With a couple of steppers, you could rig up a quick small X,Y table to bolt on the mill. (semi-automatic) CNC. Even if the travel would be small, the rest could be done with the aid of the DRO and table


----------



## BAH101 (Jan 22, 2011)

Why not say "Made from Aircraft grade aluminum", that would make it "Fly" off the shelves :big:


----------



## kcmillin (Jan 22, 2011)

Thanks Guys. 

Kevin, I like your router Idea. I have done this with wood a long time ago, but those letters were recessed into the wood. How would I make a template for raised letters? Currently my brain is telling me that it would take multiple templates, and even then I am not sure. The space between the letters is the same size as the end mill, so a bushing would make it even bigger. 

When I setup the DRO to mill the rounded parts of the R and C, I used a max cut parameter of .010. This made 42 way points for 1/4 of a circle with a .225" radius. Once I was done I checked the part with a 60X jewelers magnifying glass, I could barely make out the jaggedness. I was moving both handles at a time, as to create a more smooth surface. I am going to try to increase the max cut, this will decrease the amount time spent pushing buttons, I wish I had a foot switch option on my DRO. If I can get the time down to an hour and a half I would be happy. 
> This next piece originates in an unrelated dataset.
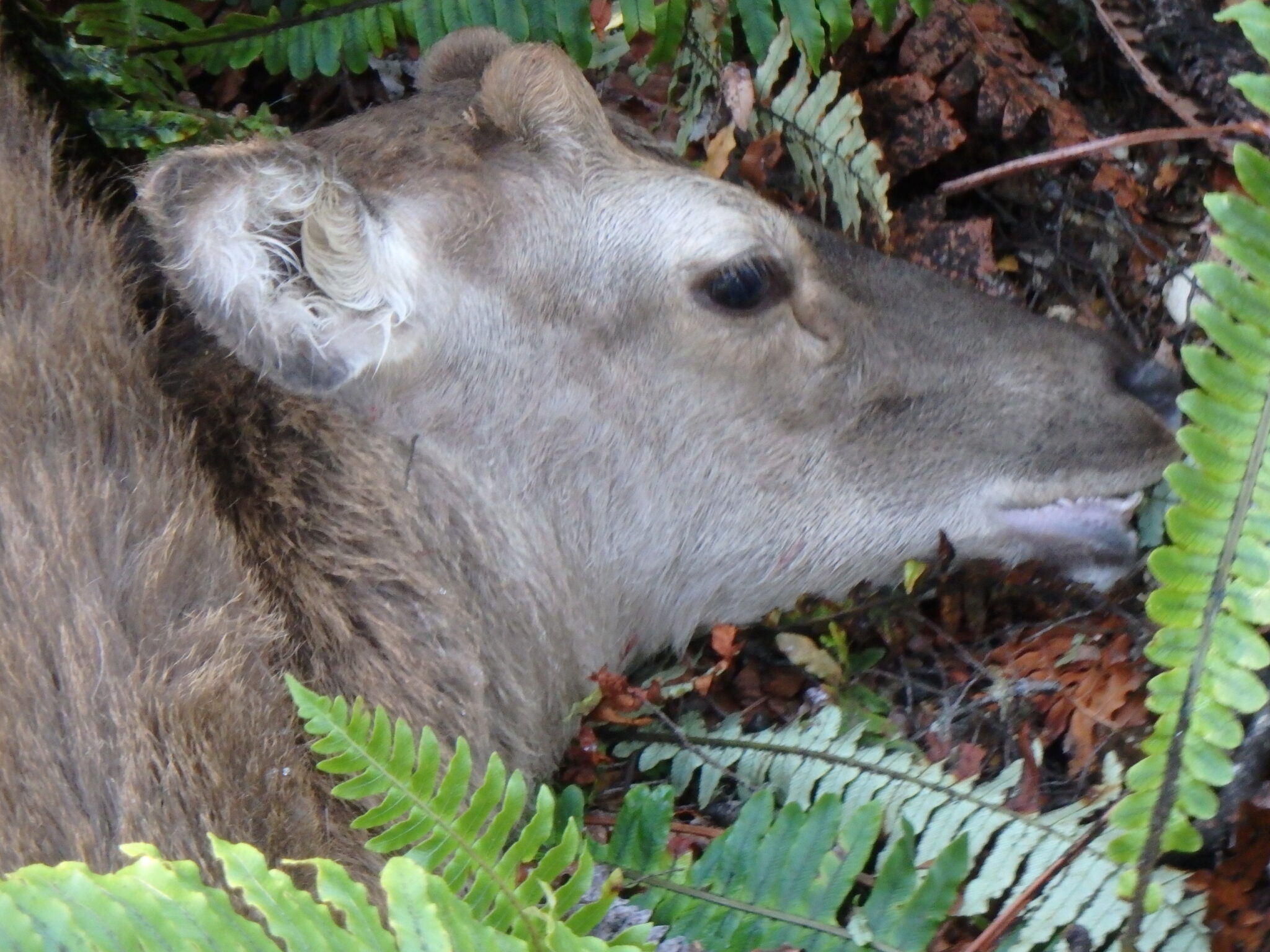 Spring Ahead Dogs Mid Spring venison | Hunting Kiwi Style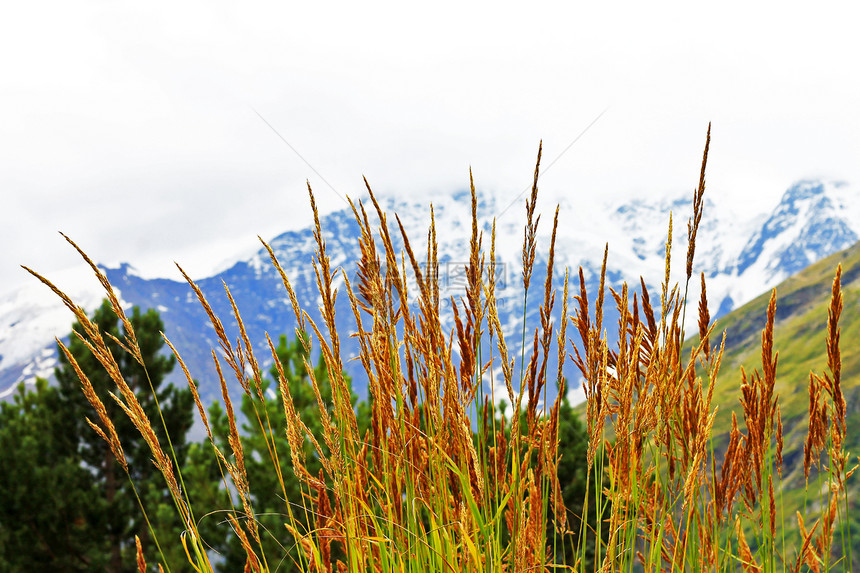 在草原上生长的黄草耳朵土地草地场地场景树叶乡村植物山脉阳光风景图片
I have been dreaming of owning a CNC machine for quite some time. I am hoping this adventure will create some investment capitol, in which I can put towards CNC. I like the idea of a dedicated x-y table for CNC, but I am really more interested in a turn key unit, like the ones on the LMS web site. I still find making a CNC machine to be a little intimidating, with all that is necessary to purchase, and then make all the bracketry, plus software license and machine, It is worth it for me to spend the extra money for a ready to use unit. I still want my manual machine to be manual. So converting it is out of the question.

Kel


----------



## RonGinger (Jan 22, 2011)

CNC is clearly the way to make these kinds of letters. I suspect it would take me less than 10 minutes to generate the code and probably only 10-15 minutes to run one in aluminum.

I like the KX1 mill from LMS. After I made the agreement to run the seminar at Cabin Fever I got looking close at the machine and wound up buying one for myself, even though I have a bigger Jet knee mill that is CNC. It is a very well built machine and runs right out of the box.

I am now working on a plan to run a class at the CNC workshop in June that would involve a group purchase of mills and conversion kits and during the week we would build and test the machines. We are planning on just 10 slots in the class. Details are still open, but it might be a way to spend 4 day, get a CNC machine and attend many other seminars on CNC. I will post details here when they are developed.


----------



## mklotz (Jan 22, 2011)

Kel,

If you can't see the scallops under 60X magnification, I'd say you're using too fine a step size. 90/42 = 2.14 deg. Open it up to five deg and your step count will be reduced to 90/5 = 18.

BTW, good onya for demonstrating that one doesn't need a CNC setup to do a one/few-off job(s).


----------